Tetra-penta-deca-hexagonal-graphene (TPDH-graphene) hydrogenation patterns: dynamics and electronic structure

TL;DR

This study explores the hydrogenation process of a novel 2D carbon allotrope, TPDH-graphene, revealing how hydrogen incorporation alters its electronic properties and induces unique structural features.

Contribution

It provides new insights into the hydrogenation dynamics and electronic structure modifications of TPDH-graphene using DFT and molecular dynamics simulations.

Findings

Hydrogen atoms predominantly bind to tetragonal rings (up to 80% at 300 K).

Hydrogenation creates narrow bandgaps and Dirac cone-like electronic features.

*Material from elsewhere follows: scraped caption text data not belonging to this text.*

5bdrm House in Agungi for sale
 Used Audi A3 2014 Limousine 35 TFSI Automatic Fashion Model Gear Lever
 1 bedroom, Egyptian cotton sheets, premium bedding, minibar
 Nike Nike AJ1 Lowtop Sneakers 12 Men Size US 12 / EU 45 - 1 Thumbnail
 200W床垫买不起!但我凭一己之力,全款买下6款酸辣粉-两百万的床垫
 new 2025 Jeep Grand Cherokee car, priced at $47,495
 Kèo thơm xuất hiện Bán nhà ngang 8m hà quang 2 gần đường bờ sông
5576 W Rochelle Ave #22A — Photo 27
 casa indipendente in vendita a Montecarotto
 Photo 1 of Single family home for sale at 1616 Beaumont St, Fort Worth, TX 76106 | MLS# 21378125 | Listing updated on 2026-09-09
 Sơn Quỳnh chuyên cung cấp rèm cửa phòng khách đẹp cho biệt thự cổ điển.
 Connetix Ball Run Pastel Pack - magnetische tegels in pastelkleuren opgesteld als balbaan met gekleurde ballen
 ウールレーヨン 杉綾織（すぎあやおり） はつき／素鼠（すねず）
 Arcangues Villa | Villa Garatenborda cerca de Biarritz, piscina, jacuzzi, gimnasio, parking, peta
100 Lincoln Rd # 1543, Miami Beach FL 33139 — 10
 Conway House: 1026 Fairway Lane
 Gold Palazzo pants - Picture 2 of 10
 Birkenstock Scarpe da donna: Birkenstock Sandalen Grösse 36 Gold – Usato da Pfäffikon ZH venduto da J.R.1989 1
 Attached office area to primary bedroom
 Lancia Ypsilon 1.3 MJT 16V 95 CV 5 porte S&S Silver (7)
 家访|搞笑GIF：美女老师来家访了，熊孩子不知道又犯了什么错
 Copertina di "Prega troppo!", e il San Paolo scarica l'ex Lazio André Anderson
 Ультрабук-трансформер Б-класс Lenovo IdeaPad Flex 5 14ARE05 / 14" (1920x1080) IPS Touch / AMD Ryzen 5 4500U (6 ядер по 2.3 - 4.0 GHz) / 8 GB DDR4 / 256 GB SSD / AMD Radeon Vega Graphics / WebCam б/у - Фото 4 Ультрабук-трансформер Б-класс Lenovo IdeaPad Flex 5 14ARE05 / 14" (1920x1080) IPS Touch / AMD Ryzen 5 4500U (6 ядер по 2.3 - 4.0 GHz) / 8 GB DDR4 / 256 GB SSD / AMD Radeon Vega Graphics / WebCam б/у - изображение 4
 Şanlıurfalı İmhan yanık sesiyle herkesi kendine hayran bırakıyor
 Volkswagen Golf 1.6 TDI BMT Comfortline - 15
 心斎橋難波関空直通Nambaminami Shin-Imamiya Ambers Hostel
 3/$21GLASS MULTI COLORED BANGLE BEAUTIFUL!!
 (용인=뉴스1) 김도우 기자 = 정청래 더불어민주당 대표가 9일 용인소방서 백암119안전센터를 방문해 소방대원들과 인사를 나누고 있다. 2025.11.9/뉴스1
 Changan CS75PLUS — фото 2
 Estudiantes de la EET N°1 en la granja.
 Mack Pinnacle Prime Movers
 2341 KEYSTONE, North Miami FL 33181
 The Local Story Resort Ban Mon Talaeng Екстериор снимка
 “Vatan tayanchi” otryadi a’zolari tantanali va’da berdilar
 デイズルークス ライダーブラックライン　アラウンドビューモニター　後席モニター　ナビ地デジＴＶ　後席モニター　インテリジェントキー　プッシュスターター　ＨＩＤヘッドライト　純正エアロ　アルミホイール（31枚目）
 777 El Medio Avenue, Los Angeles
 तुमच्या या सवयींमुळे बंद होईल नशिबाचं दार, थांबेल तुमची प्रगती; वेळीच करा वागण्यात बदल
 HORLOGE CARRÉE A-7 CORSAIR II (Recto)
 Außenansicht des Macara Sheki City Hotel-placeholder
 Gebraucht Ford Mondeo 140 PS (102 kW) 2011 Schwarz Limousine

Hydrogenation induces well-defined pentagonal carbon stripes.

Abstract

The advent of graphene has renewed the interest in other 2D carbon-based materials. Bhattacharya and Jana have proposed a new carbon allotrope, composed of different polygonal carbon rings containing 4, 5, 6, and 10 atoms, named Tetra-Penta-Deca-Hexagonal-graphene (TPDH-graphene). This unusual topology created material with interesting mechanical, electronic, and optical properties and several potential applications, including UV protection. Like other 2D carbon structures, chemical functionalizations can be used to tune their TPDH-graphene properties. In this work, we investigated the hydrogenation dynamics of TPDH-graphene and its effects on its electronic structure, combining DFT and fully atomistic reactive molecular dynamics simulations. Our results show that H atoms are mainly incorporated on tetragonal ring sites (up to 80% at 300 K), leading to the appearance of well-delimited pentagonal carbon stripes. The electronic structure of the hydrogenated structures shows the formation of narrow bandgaps with the presence of Dirac cone-like structures, indicative of anisotropic transport properties.